🔬 Research Summary by Johanna Walker, AI and society researcher at King’s College London.
[Original paper by Johanna Walker, Gefion Thuermer, Julian Vicens & Elena Simperl]
Overview: Misinformation in its many forms is a substantial and growing problem for society today. Whether financially or ideologically motivated, purveyors of misinformation do not abide by legal, technical, or moral rules. Therefore, new, ludic, narrative, gamified, and artistic approaches are needed. In this paper, we analyze the approaches taken in countering misinformation by 18 AI and machine learning works of art.
Introduction
What do a website that automatically labels photos uploaded by the public [1], a deepfake of Richard Nixon’s speech about the failure of the Apollo 11 mission [2], and a video installation of the faces of 4,000 French police officers [3] have in common? All artworks use machine learning and AI to expose critical questions about data and AI. The first, ImageNet Roulette, was designed to expose the facial recognition biases baked into the training data set of the ImageNet database. In Event of Moon Disaster is a deepfake video created by MIT to raise awareness of what is technologically possible and to enable people to explore their own susceptibility. Capture commented on the asymmetry of power in facial recognition technologies and raised questions about the ‘dataveillance’ culture.

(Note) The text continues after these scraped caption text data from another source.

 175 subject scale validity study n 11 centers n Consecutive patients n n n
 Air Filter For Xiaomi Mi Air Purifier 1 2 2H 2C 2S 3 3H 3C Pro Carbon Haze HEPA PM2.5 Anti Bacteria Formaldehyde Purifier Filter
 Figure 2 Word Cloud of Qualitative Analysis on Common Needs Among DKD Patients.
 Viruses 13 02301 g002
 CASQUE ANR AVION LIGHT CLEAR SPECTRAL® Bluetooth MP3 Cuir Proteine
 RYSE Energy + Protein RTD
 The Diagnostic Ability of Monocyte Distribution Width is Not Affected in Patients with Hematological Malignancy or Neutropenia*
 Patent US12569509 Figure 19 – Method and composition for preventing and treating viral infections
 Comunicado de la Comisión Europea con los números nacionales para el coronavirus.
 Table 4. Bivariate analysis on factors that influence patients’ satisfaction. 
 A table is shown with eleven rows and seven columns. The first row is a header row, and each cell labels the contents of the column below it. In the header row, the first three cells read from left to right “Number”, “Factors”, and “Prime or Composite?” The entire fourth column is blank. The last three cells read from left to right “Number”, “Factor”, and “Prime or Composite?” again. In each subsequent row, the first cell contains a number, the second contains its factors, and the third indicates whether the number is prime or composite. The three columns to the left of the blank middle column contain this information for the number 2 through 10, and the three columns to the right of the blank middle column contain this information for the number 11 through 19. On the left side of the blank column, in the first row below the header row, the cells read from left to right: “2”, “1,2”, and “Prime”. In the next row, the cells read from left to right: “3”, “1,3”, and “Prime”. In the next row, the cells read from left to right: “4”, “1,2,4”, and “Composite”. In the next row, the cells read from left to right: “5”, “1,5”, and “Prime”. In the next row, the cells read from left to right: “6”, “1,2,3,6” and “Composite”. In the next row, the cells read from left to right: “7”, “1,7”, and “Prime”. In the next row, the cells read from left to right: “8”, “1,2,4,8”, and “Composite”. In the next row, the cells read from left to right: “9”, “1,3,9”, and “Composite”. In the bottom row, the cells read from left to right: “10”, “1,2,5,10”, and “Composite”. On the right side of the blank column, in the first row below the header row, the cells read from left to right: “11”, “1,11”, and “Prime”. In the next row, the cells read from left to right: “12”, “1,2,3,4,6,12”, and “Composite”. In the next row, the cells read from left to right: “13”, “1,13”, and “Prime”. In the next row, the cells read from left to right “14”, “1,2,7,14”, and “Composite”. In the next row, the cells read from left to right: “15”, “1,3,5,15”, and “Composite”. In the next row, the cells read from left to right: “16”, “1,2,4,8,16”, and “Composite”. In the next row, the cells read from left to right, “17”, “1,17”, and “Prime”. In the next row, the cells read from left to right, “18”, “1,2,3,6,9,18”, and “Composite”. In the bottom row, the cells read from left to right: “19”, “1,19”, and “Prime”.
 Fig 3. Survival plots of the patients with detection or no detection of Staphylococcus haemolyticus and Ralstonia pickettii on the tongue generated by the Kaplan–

Critical AI art facilitates linking technical systems to the power structures they underpin, enables experiential learning, and, crucially, allows interpretation rather than straightforward explanation. Working with artists and startups creating 18 art projects in the MediaFutures program, we asked, (1) What strategic approaches does AI art take to countering misinformation? (2) Which data, tools, and techniques are utilized? and (3) How does the artistic approach add value to algorithmic approaches to countering misinformation?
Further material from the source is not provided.